In recent posts I have briefly covered certain popular GNOME apps, such as Files, as well as other newer ones like Maps, Software or Weather. Today I want to quickly talk about others that are maybe less popular, or that I didn't use before and have adopted due to their recent updates.
First off is GNOME MUSIC, a simple music player that looks (or should, I haven't been able to get it to work out of the box) into your Music folder and arranges music by Artist, Album and Song through a simple and clean interface.
I find the artist section particularly well designed.
Personally, I rely on Google Play Music to store all my music in the cloud, but for those who prefer a local music player, I believe GNOME Music will be a rather good option, especially if they appreciate a simple interface. Note that I am saying will be, because as of now, it still needs quite a bit of polish before it can become the default player in GNOME.
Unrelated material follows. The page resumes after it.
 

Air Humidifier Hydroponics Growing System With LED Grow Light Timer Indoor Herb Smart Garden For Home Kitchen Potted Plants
GNOME Photos is a bit of a confusing one to me. Initially I thought of it as a photo viewer, maybe a more powerful version of EOG, but it is not. In fact, it depends on EOG for certain tasks. Photos is a simple picture management tool that only displays images from the Pictures folder, allowing users to create their own albums and choose favorites shots. As was the case with Music, Photos is still a young app and it shows. Performance improvements are necessary when displaying pictures, transitioning from one another, etc. Most importantly, though, my main thing with this app is that I don't see much use for it anyways.
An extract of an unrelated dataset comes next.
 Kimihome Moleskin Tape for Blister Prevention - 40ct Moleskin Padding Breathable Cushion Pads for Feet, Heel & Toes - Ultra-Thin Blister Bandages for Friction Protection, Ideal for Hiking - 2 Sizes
Just like Nautilus received a new name, so has Totem, now dubbed Videos. In this last update it has evolved quite significantly, and in the right direction, I must add.
Video files can be imported to Videos and displayed in a grid arrangement. Double clicking on a video file from Files works just as well, but I must admit the visual appeal of this option is rather obvious.
In a surprising and pretty neat twist, Videos offers a few video channels that over a variety of clips, from Blip to Apple Trailers, and apparently some others that have been added recently. I wonder if that will be a trend and more and more video channels will become available without the user actually updating the app. That would be great.
I used to watch Apple Trailers before I started using Linux. Then, because I was testing so many distros, I ended up getting tired of whether the distro would include all the required codecs and the kitchen sink for Apple videos to be displayed correctly, so I started gravitating to watching trailers on YouTube and never looked back. With Videos, though, I have alternatives with none of the hassle.
GNOME SOUND RECORDER
Sound Recorder is a very simple app that does what it's supposed to do. Probably more meaningful in a mobile device, it can be useful in a laptop/desktop setting as well.
As with the rest of the apps, the UI is clean and simple, never getting in the way of what the app is meant to do.
Formerly know as Epiphany, GNOME Web is another one of those apps I had decided not to use for a while, but I must admit that its latest offer is quite appealing.
The UI is simply superb. The ugly URL bar is cleverly hidden when not in use, and the way tabs are implemented makes Web the best looking browser I can think of today.
Beauty is important, but functionality and performance are key. In that regard, Web still is a bit rough around the edges. I have seen a few webs which are not displayed correctly, but they were the exception. In terms of loading speed, a few informal tests show it doesn't stand far back from Google Chrome, which is quite a good sign.